§ REQUIREMENT: Without copying any pictures, restate exactly the lines from the start of the records through the line containing "So that is just".

== DATA FOR THE TASK

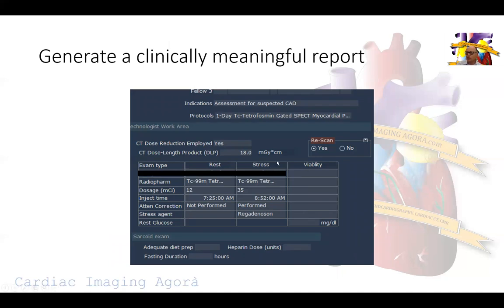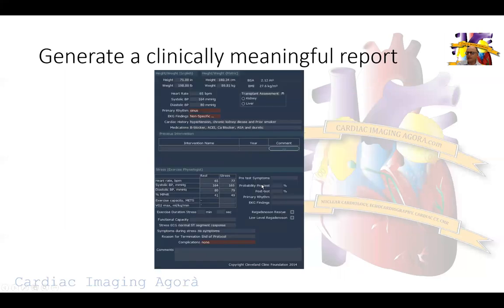Now we generate the report. As part of quality assurance measures to track what we're doing in our lab, this will be coded as a re-scan because we had to re-scan the patient. We don't need to do another dose - all we have to do is re-scan. The injection was 12 millicuries at rest and 35 millicuries post-stress, and we re-scanned them.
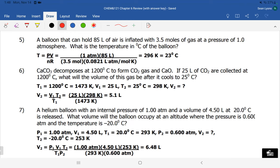Number five uses PV = nRT to find the temperature at which a balloon would meet certain criteria. We're given moles, pressure, volume, and R, so the only unknown is temperature. We divide both sides by nR to isolate T: T = PV/nR. This gives us 296 K. Since the question asks for Celsius, we subtract 273 to get 23°C.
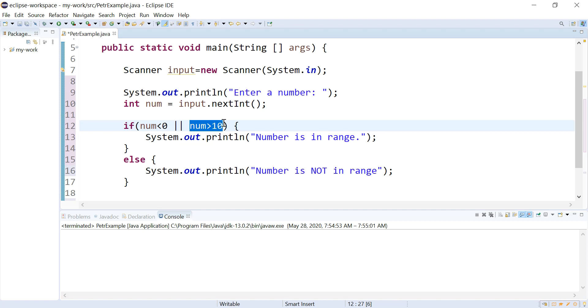That may come into play later when you're using this to control loops and you want to check more than one condition. It seems like it's not actually checking additional things — it may be because it's short circuit evaluating and quitting its work early.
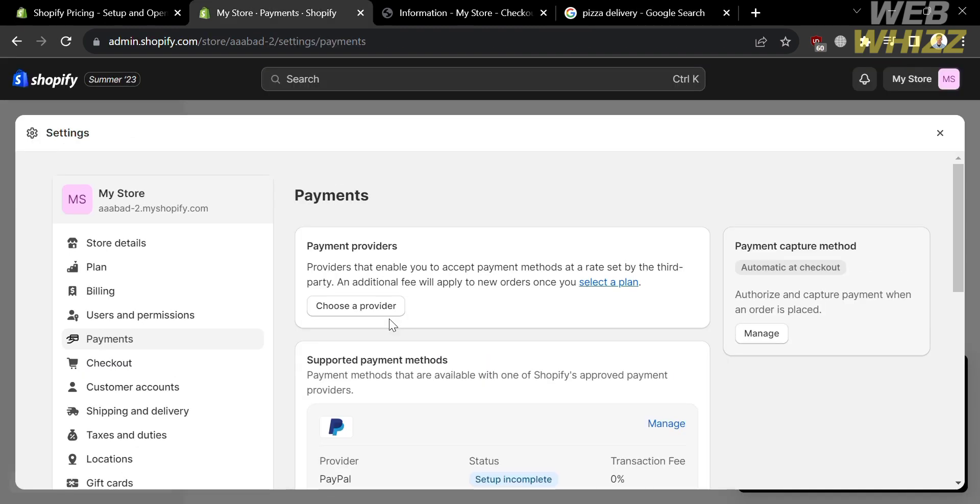So that is just how you can add a cash on delivery button in Shopify. Thank you.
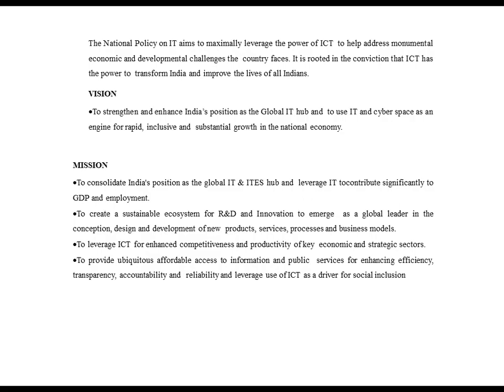The national policy on IT aims to maximally leverage the power of ICT to help address economic and development challenges the country faces. The vision is to strengthen and enhance India's position as a global IT hub and to use IT and cyberspace as an engine for more rapid, inclusive and substantial growth in the national economy. The mission is: first, to consolidate India's position as the global IT and ITES hub and leverage IT to contribute significantly to GDP and employment; second, to create a sustainable ecosystem for R&D and innovation to emerge as a global leader in the conception, design and development of new products, services, processes and business models.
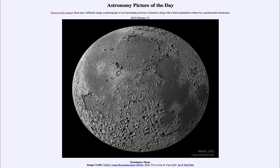It is titled Terminator Moon. Here we see an image of our own moon showing the entire surface, so it looks like a full moon. In reality, this is actually an image composed from a number of different pictures taken by the Lunar Reconnaissance Orbiter and put together, so we never actually quite see the moon like this.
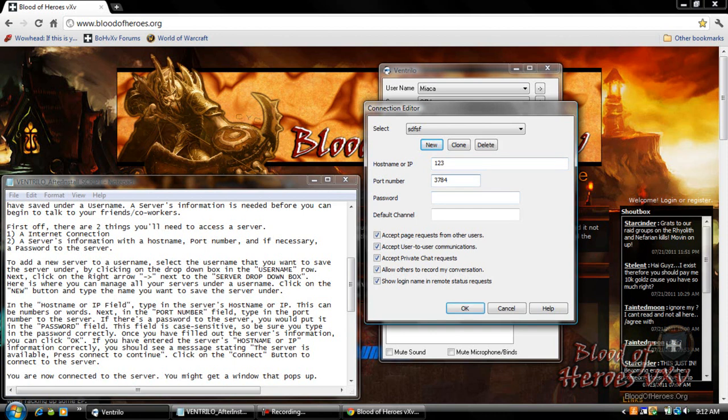If there's a password to the server you can put it in the password field. This field is case sensitive so be sure to type the password correctly. Once you've filled out the server's information you can click OK.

====

§ RESPONSE BELOW:
Now we generate the report. As part of quality assurance measures to track what we're doing in our lab, this will be coded as a re-scan because we had to re-scan the patient. We don't need to do another dose - all we have to do is re-scan. The injection was 12 millicuries at rest and 35 millicuries post-stress, and we re-scanned them.
Number five uses PV = nRT to find the temperature at which a balloon would meet certain criteria. We're given moles, pressure, volume, and R, so the only unknown is temperature. We divide both sides by nR to isolate T: T = PV/nR. This gives us 296 K. Since the question asks for Celsius, we subtract 273 to get 23°C.
That may come into play later when you're using this to control loops and you want to check more than one condition. It seems like it's not actually checking additional things — it may be because it's short circuit evaluating and quitting its work early.
So that is just how you can add a cash on delivery button in Shopify. Thank you.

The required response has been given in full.